VI. Résumé et conclusion
L'avenir de l'Algérie, sa colonisation et son développement
en toute sécurité , dépendent presque exclusivement
des moyens de transports économiques dont elle sera dotée.
Plus son réseau de voies ferrées sera complet, plus il sera
exécuté rapidement surtout, et mieux notre grande colonie
répondra à l'attente et aux sacrifices de la France.
L'étude qui précède démontre surabondamment,
croyons-nous, que la voie large n' est nullement à sa place en
Algérie : les dépenses énormes qu'elle entraîne
sans nécessité, en écrasant le budget, étoufferaient
infailliblement l'oeuf dans son éclosion.
Le réseau algérien doit être établi à
voie étroite; cette solution est la seule, qui puisse permettre
de doter notre colonie du réseau complet, absolument indispensable
à sa sécurité et à son développement.
C'est la conclusion absolue de toute l'étude qui précède.

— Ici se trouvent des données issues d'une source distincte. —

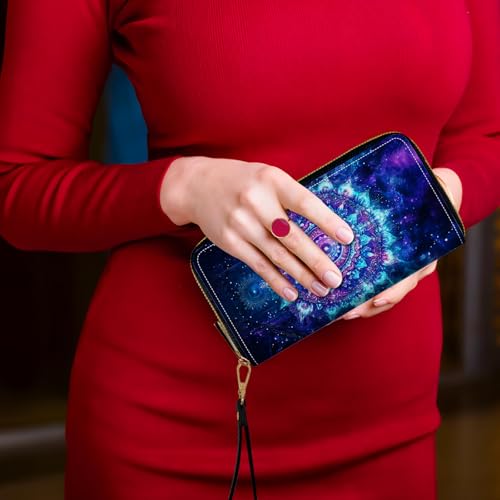 Women's Card Holder Wristlet Wallet, Convenient Travel Long Wallet with Strap and Pink Compact Mirror, Fashion and Sturdy Wristlet Long Purse for Women, Purple Mandala2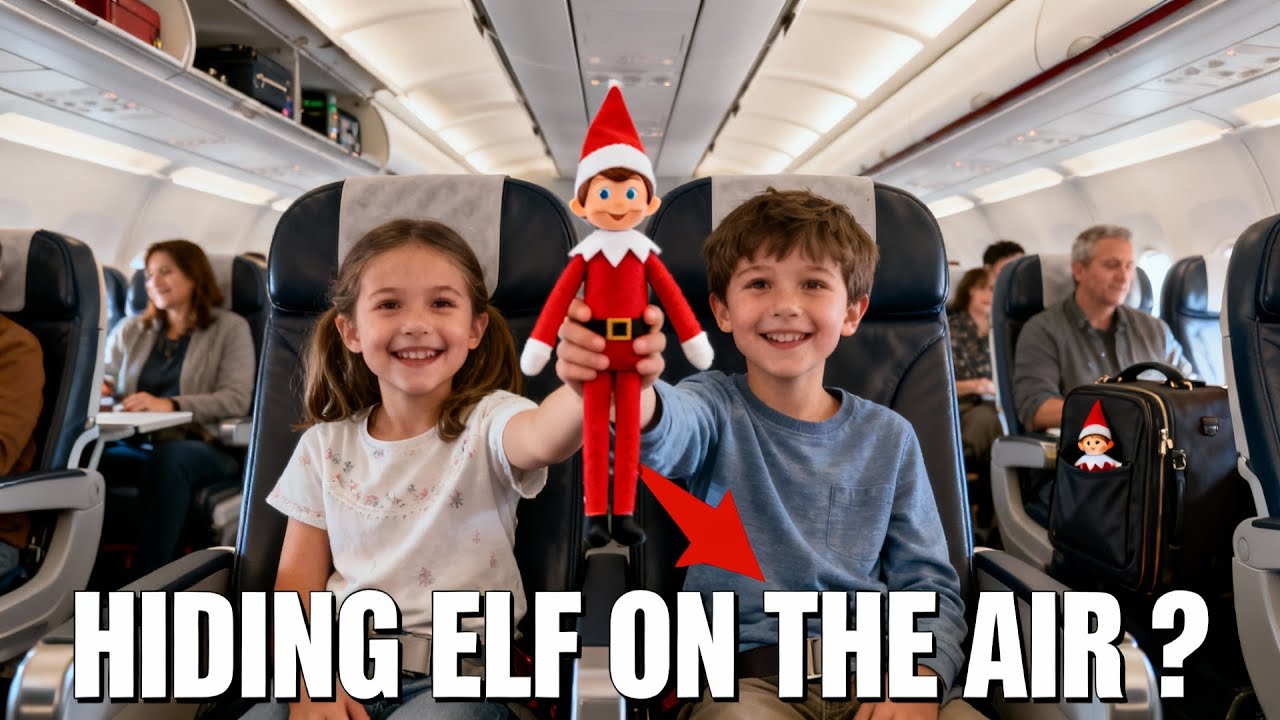 Hiding Elf on the Shelf on an Airplane! ✈️ (Santa Won't Find Us?)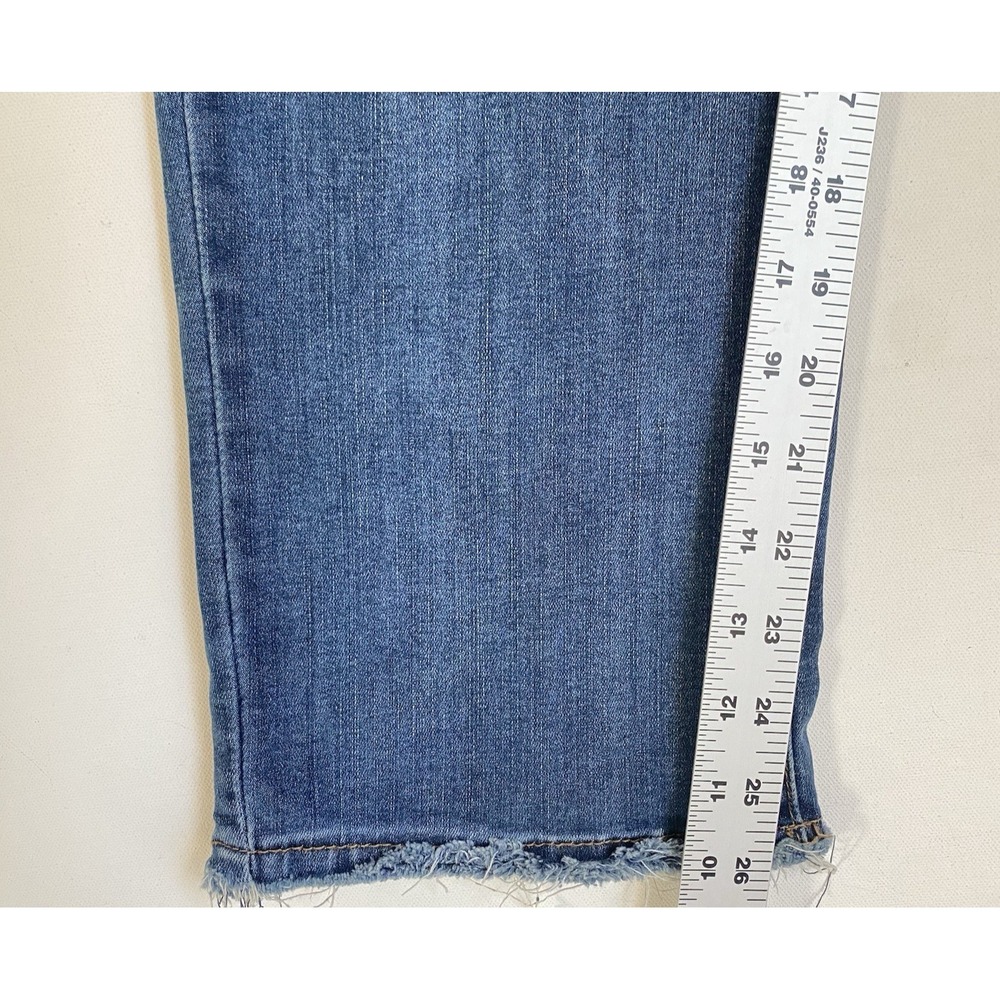 Democracy Ab Technology Jeans Size 10 Blue Straight Leg Raw Hem Distressed - Picture 7 of 10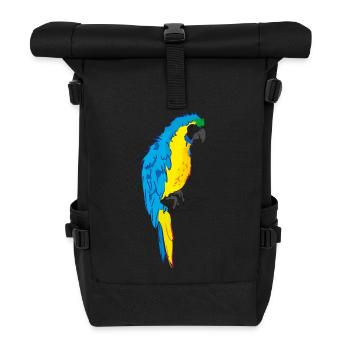 Macaw parrot yellow, blue drawing - Roll Top Backpack - black - Front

Nous ne voulons point être aussi absolu sur le choix de l'écartement
qu'il convient d'adopter pour ces voies étroites. Nous rappellerons
seulement les avantages sérieux qu'offrirait , particulièrement
en Algérie, la solution suivante :
1° Réseau stratégique,
à l'écartement moyen de 1 m,10, le matériel de cette
voie se prêtant à une admirable utilisation, pour les transports
de la guerre ;
2° Réseau agricole, à
l'écartement plus réduit et très économique
de 0m,75.
La voie tout à fait économique de 0n',75, qui est considérée
aujourd'hui comme étant la limite inférieure
la plus convenable pour les lignes agricoles ouvertes aux services publics,
est appelée dans l'avenir à un développement important
en Algérie, pour favoriser les exploitations agricoles, minières,
etc...
Quant à la voie de 1 m ,10, dont le matériel se prête
si avantageusement aux transports militaires, c'est précisément
le terme moyen entre la petite voie de 0,75 m et la voie large de 1,45
m : 0m,75 + 1, 45 m / 2 = 1,10 m.
Cet écartement de 1 m 10 , qui est exactement la moyenne entre
la voie de 0m,75 et la voie de 1m,45, se trouve aussi être précisément
l'équivalent de la voie étroite anglaise de 1 m ,067, si
répandue dans les colonies.
Ces largeurs de 1m,10 et de 0 m 75 semblent donc convenir tout particulièrement
à l'Algérie.
Nous ne voulons point, pourtant, poser de conclusions trop absolues sur
ce point de détail. Il ne faut pas perdre de vue, en effet, que
le débat actuel, plus général et plus élevé,
porte, avant tout, sur le principe même de l'einploi de la voie
étroite en Algérie, et c'est sur le principe seul qu'il
convient aujourd'hui de concentrer toute l'attention.
Du reste, au cours de cette discussion de principe, chacun apportant,
sans parti pris, des renseignements précis sur les avantages de
telle ou telle largeur de voie étroite, cette grande question se
trouvera complètement élucidée.
Nous l'avons dit en commençant, c'est à la demande expresse
de l'autorité militaire que nous avons rédigé ce
mémoire. Il a été remis aux fonctionnaires supérieurs
des départements de la Guerre et des Travaux publics, et transmis
par eux à M. le ministre de la Guerre. Et nous pouvons ajouter,
que nous avons eu la satisfaction de voir ces idées très
chaudement appuyées, par les plus hauts fonctionnaires algériens
de ces deux départements ministériels.